Au lendemain de la Seconde Guerre mondiale, Williard (Bill Skarsgård) rentre en Ohio et épouse Charlotte (Haley Bennett), qui tombera rapidement malade. Il prie sur un autel de fortune, forçant son fils à implorer Dieu. Non loin, Helen (Mia Wasikowska), que Williard aurait dû épouser s’il avait écouté ses parents, se marie avec Roy Laferty (Harry Melling), un prédicateur en liaison directe avec le Tout-Puissant. Et Sandy (Riley Keough) et Carl (Jason Clarke) ramassent des jeunes hommes sur le bord de la route, leur faisant croire à un trajet hospitalier et romantique. Bien plus tard, cette chienne de vie tend un piège à Arvin, le fils de Williard, et à Lenora, la fille d’Helen, inséparables amis : sont-ils voués à revivre la vie de leurs parents ? Est-ce même une question qui leur appartient ? LE DIABLE, TOUT LE TEMPS, inspiré des sagas du cinéma classique américain (par Cimino ou par Coppola) et de leurs questions sur la passation de la violence entre générations, n’a pas les audaces des précédents films d’Antonio Campos, plus inspirés d’un certain cinéma européen. Il s’agit ici d’iconiser les décors américains, les petites villes, de rendre hommage à l’inconscient cinématographique. Peut-être y a-t-il même une petite dimension méta qui s’ignore dans cette fresque américaine au pied de la lettre. Même les visages des actrices, diaphanes et fragiles, rappellent les Meryl Streep et les Diane Keaton de l’époque… Robert Pattinson, ses tics de bouche, sa voix de fausset, désire créer un grand méchant de Noir et Blanc. C’est l’un de ses rôles les plus osés pour l’une de ses performances les plus étranges. Le film culmine dans un face-à-face avec Tom Holland, qui déploie une puissance de jeu inédite chez lui à ce jour. L’amour du romanesque, du cinéma au carré transpire de tout l’écran.

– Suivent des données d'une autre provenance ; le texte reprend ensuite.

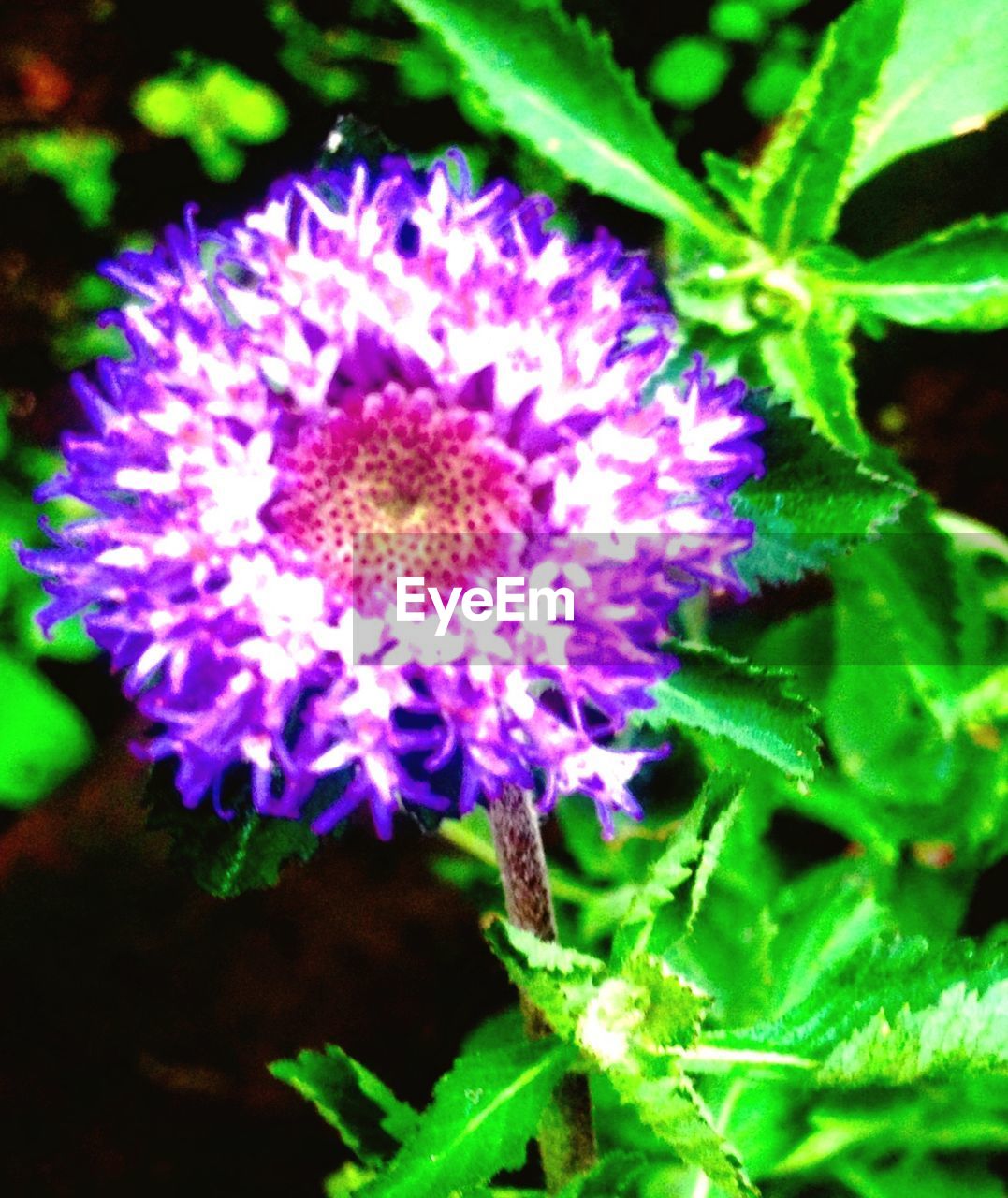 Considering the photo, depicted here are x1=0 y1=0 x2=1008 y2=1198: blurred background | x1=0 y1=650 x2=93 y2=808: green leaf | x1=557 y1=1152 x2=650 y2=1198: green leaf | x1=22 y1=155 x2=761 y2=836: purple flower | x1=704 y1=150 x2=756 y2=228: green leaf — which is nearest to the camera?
x1=22 y1=155 x2=761 y2=836: purple flower

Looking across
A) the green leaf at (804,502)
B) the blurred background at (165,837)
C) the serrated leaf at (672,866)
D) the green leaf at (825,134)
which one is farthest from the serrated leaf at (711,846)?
the blurred background at (165,837)

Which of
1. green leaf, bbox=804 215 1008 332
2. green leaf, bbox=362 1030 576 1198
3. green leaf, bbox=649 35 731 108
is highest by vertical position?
green leaf, bbox=649 35 731 108

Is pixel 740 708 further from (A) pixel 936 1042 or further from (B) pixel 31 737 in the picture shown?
(B) pixel 31 737

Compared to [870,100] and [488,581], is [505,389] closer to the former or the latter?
[488,581]

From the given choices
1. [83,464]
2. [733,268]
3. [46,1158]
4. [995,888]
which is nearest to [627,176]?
[733,268]

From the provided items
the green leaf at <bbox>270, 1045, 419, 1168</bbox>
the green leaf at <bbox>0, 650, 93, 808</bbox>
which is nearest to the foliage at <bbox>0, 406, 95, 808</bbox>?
the green leaf at <bbox>0, 650, 93, 808</bbox>

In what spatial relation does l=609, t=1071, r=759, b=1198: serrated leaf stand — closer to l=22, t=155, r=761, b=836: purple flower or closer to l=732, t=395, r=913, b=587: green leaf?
l=22, t=155, r=761, b=836: purple flower

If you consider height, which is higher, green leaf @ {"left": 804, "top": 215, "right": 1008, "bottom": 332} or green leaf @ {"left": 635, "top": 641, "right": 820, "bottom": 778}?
green leaf @ {"left": 804, "top": 215, "right": 1008, "bottom": 332}

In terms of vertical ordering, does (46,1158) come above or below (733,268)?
below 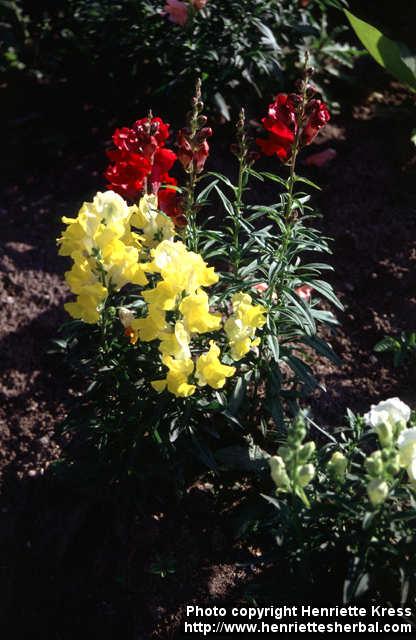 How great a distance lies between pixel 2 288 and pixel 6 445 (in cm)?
99

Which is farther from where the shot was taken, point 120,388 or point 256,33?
point 256,33

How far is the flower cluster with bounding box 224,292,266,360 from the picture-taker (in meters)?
2.23

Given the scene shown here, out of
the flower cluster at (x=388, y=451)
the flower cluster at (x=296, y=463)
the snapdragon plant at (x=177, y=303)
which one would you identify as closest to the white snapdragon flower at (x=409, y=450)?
the flower cluster at (x=388, y=451)

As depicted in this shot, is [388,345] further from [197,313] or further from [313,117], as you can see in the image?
[197,313]

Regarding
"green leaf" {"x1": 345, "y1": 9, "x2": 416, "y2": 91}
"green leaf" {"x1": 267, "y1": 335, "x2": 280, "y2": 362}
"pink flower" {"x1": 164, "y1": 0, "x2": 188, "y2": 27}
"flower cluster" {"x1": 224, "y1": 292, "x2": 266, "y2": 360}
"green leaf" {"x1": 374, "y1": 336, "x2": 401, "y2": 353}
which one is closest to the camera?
"flower cluster" {"x1": 224, "y1": 292, "x2": 266, "y2": 360}

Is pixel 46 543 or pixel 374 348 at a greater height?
pixel 374 348

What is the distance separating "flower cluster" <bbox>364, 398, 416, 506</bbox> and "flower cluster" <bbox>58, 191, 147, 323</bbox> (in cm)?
88

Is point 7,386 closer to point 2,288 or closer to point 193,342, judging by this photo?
point 2,288

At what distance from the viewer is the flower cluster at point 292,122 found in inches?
91.9

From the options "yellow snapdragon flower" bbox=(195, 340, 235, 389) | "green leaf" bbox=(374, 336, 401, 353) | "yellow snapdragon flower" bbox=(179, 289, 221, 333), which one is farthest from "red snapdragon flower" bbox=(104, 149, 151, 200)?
"green leaf" bbox=(374, 336, 401, 353)

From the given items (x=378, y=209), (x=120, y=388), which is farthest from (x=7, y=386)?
(x=378, y=209)

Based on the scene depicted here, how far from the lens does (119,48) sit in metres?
4.26

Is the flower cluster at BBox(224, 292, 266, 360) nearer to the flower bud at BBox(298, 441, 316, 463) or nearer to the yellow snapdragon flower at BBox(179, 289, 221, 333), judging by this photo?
the yellow snapdragon flower at BBox(179, 289, 221, 333)

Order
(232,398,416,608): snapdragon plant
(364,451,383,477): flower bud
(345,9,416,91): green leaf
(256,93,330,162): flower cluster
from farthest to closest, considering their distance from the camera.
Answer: (345,9,416,91): green leaf → (256,93,330,162): flower cluster → (232,398,416,608): snapdragon plant → (364,451,383,477): flower bud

Le film est fidèle au roman. Peut-être pas dans l’agencement des faits mais la sève est intacte, toujours poisseuse. Sous ses oripeaux de film grand public, boosté aux acteurs de l’écurie Marvel et la star du prochain BATMAN, LE DIABLE, TOUT LE TEMPS affiche la noirceur des Americana morbides, étripant la culture de la violence qui pourrit le pays puritain, renvoyant dos à dos les serial killers et les pasteurs, les prières et les insultes, la guerre qu’on mène ailleurs et celle qu’on fait régner chez soi. Peut-être pas le l’adaptation underground et cradingue qu’on aurait espérée si l’on est fan du livre, mais un film méchant et cruel qui lui rend parfaitement honneur.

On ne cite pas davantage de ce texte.